Records supplied:
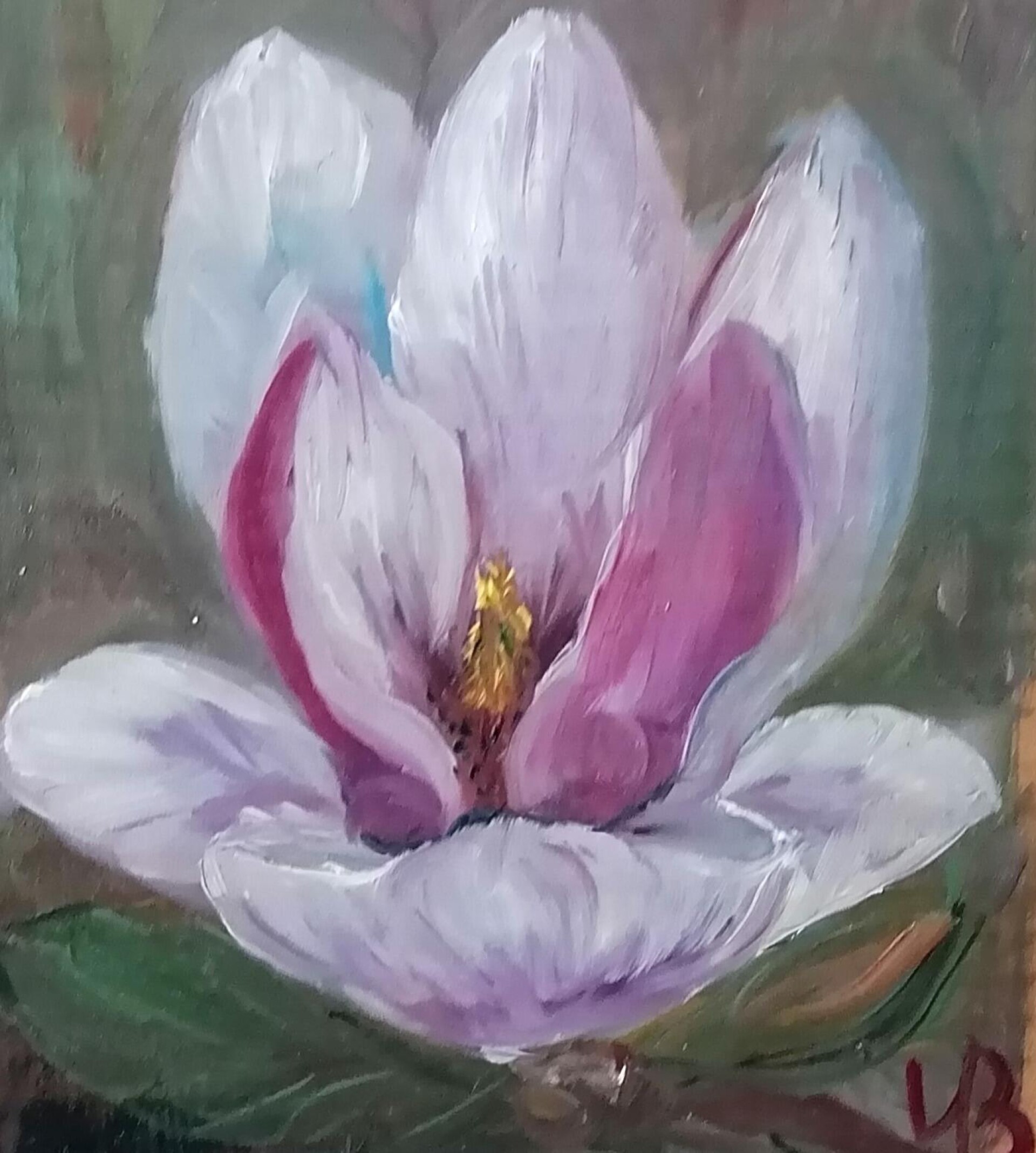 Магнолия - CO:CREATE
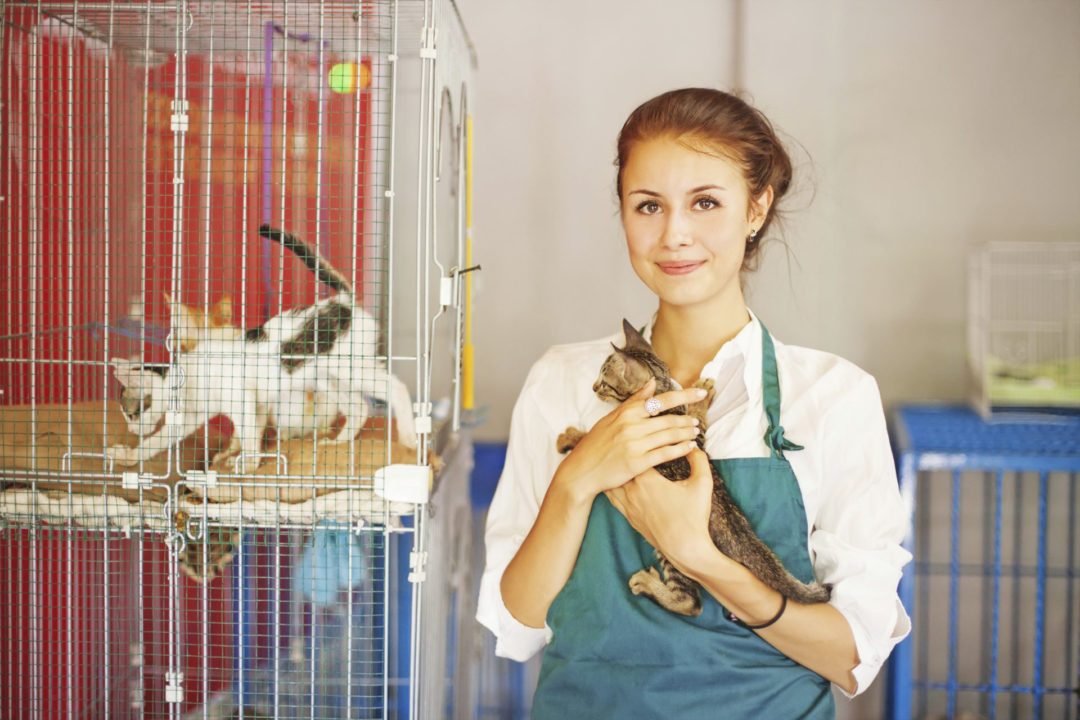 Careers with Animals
==
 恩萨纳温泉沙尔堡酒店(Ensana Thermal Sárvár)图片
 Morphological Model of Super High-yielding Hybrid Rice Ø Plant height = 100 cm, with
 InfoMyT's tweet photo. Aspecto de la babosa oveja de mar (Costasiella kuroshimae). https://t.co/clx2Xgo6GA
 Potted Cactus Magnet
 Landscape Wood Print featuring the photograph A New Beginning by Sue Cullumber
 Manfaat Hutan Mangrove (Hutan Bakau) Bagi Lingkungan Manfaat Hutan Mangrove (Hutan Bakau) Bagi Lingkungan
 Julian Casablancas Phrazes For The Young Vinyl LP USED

Task: Within the material above, output exactly the lines from the one with "Landscape Wood Print" through the one with "Julian Casablancas Phrazes", end lines included, and nothing besides.

Task result:
 Landscape Wood Print featuring the photograph A New Beginning by Sue Cullumber
 Manfaat Hutan Mangrove (Hutan Bakau) Bagi Lingkungan Manfaat Hutan Mangrove (Hutan Bakau) Bagi Lingkungan
 Julian Casablancas Phrazes For The Young Vinyl LP USED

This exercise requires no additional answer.